Actually the babbit bearing spindles on those were supposed to be better than the timkin bearing ones, when set up properly. My original lathe had the babbit ones.

The SB-13 was a true industrial machine at one time, a step up from the heavy ten. Same spindle though, can take a 5C collet right in the spindle with the correct
adapter sleeve.

You need to be real careful moving the motor housing casting up the stairs. Sounds like a ramp of planks and a chain fall at the top. Under NO circumstances
should you have ANYONE under the load while it is being hoisted, or even in a place where it would land if something goes wrong. Any questions see if you can
hire a rigger to get the parts out of the basement, handle the rest yourself. A flat bed roll-back wrecker can be used to good advantage if there is outside
access to the top of the stairway.

Trouble happens when the chain from the chain fall is horizontal at the top of the stairs, then bends over as it goes down the stairs. When the load gets to the top
of the stairs, the ability for the lift chain to pull it over the top basically goes to zero. If a roll back is there, set up at the stair angle, the the hoist cable
can keep on pulling.

Also take a good hard look at the stairs if made of wood, be sure the load rating on them can handle the housing.
 
Fortunately it's just a concrete grade, no stairs involved. The workshop in question is sort of a split level halfway below grade. Best case, there's plenty of room to maneuver so depending on how heavy it is once stripped down it might just be as simple as tipping it on it's side and getting a guy on each of the four corners. Worst case I can probably get creative with some reinforced mover's dollies, some heavy cargo straps and a winch.

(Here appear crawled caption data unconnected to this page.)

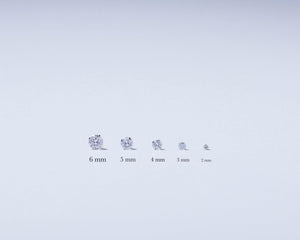 14K Solid White Gold Stud Earrings - Glamour Jewelry House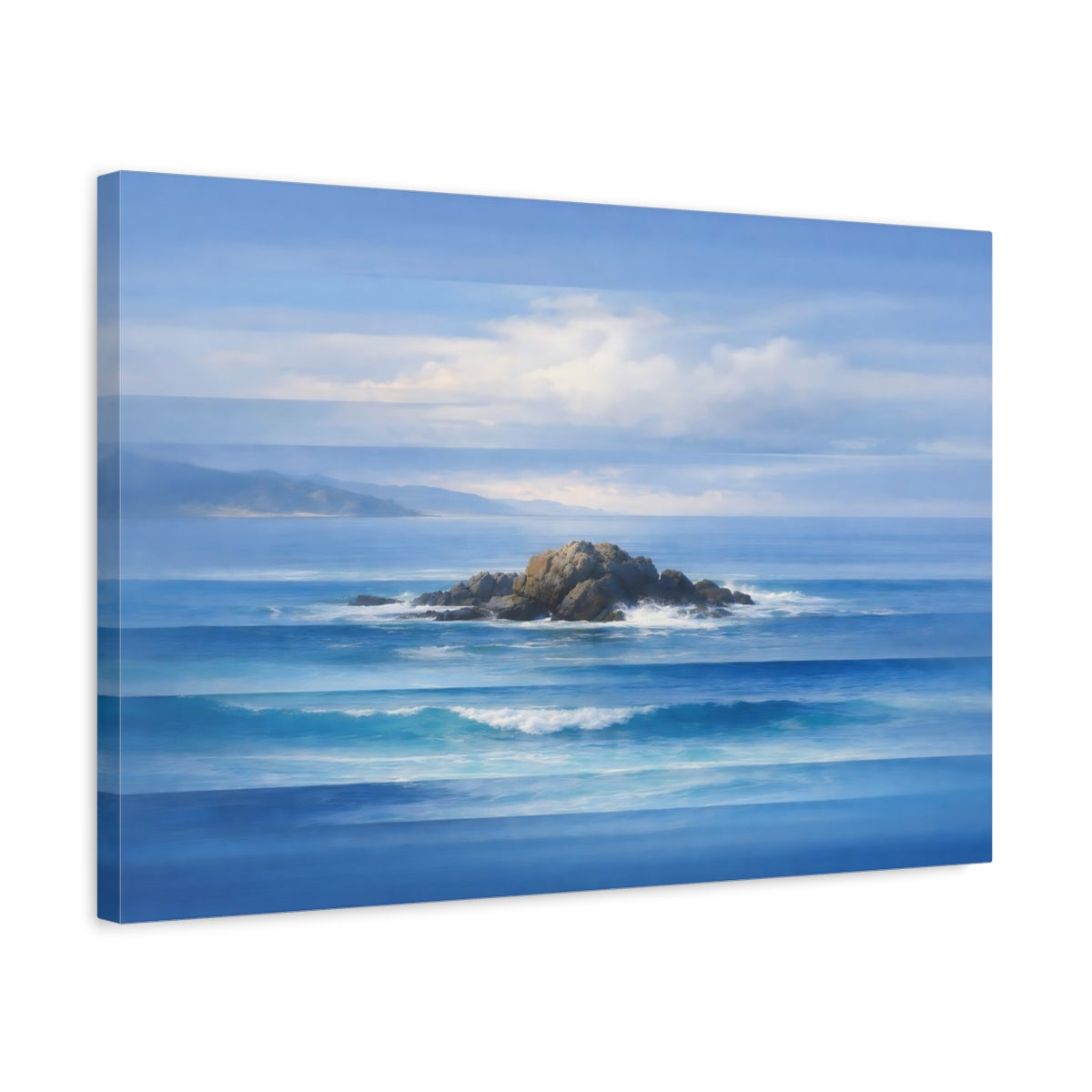 Contemporary Seascape Blue Ocean Rock Nature - Canvas Wall Art Print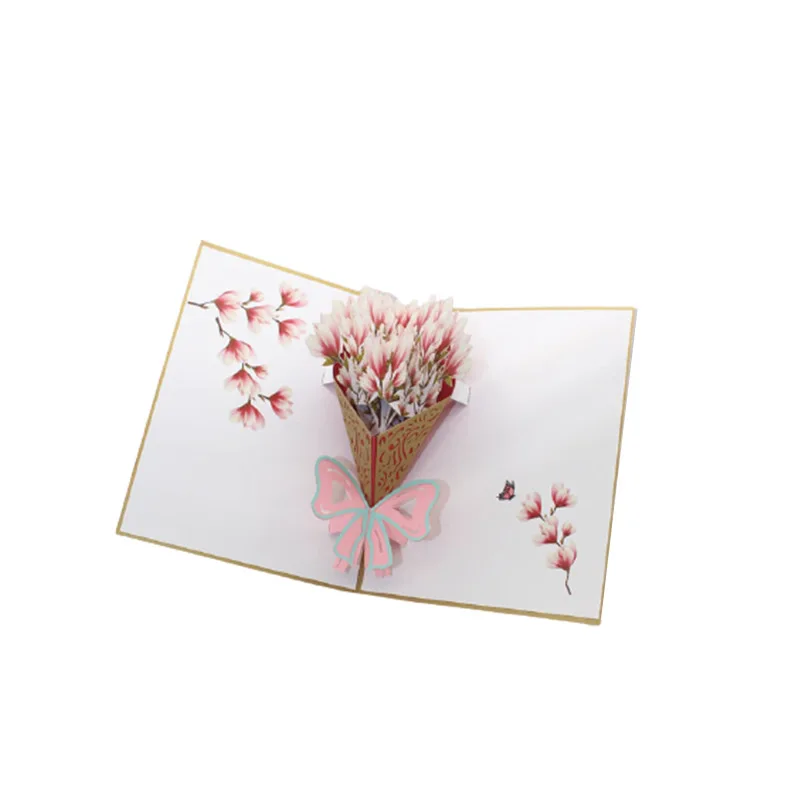 5 шт. 3D открытки с цветами на день рождения поздравительные Подарочная открытка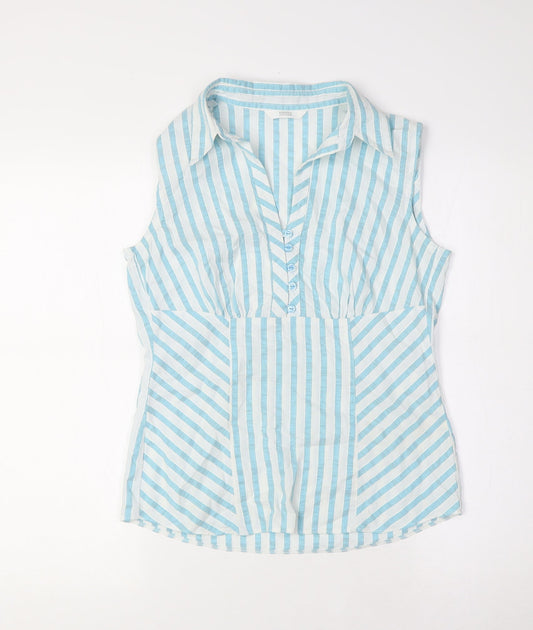 Marks and Spencer Womens Green Striped Cotton Basic Button-Up Size 8 Collared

Once it's free and clear a folding shop crane should be able to pick it and load it provided a solid lifting arrangement can be devised.

Have you ever had one of those bases apart? Know how heavy the casting is by chance? I'm guessing at least half of the weight is in the bottom drive pulley, motor and door + panels. If I can get those dropped out that should help substantially. The only other question mark after that is the bed, and again I think it's going to come down to much the same scenario as above.

While I'm thinking about it, what sort of procedure is going to be involved when it comes time to re-align the headstock? I vaguely remember hearing something about using a known round shaft colletted into the spindle and a dial indicator. I think you're supposed to face off the end and then adjust the headstock until said face indicates the same error on both front and back... then wash, rinse, repeat until it's dead on the nuts? :scratchchin:
 
If you go the movers dolly route be very careful relative to the center of gravity of what you are moving. Avoid the horrible freight ones as the 1000 lb. rating is highly optimistic. The base with the motor drive is a few hundred lbs. The headstock is pretty much self aligning if I recall when I reassembled mine, but the procedure you described will probably verify . Jim
 
Headstock goes right back on, self aligning. Clean the top of the bed and the bottom ways on the headstock of course. It will
be filthy probably. My recollection is that about 1/4 of the weight of the base is in the motor and motor support. Strapping
the base to a mover's dolly is probably a good way to go.

As mentioned take off the door, and the side panels as they are sort of fragile.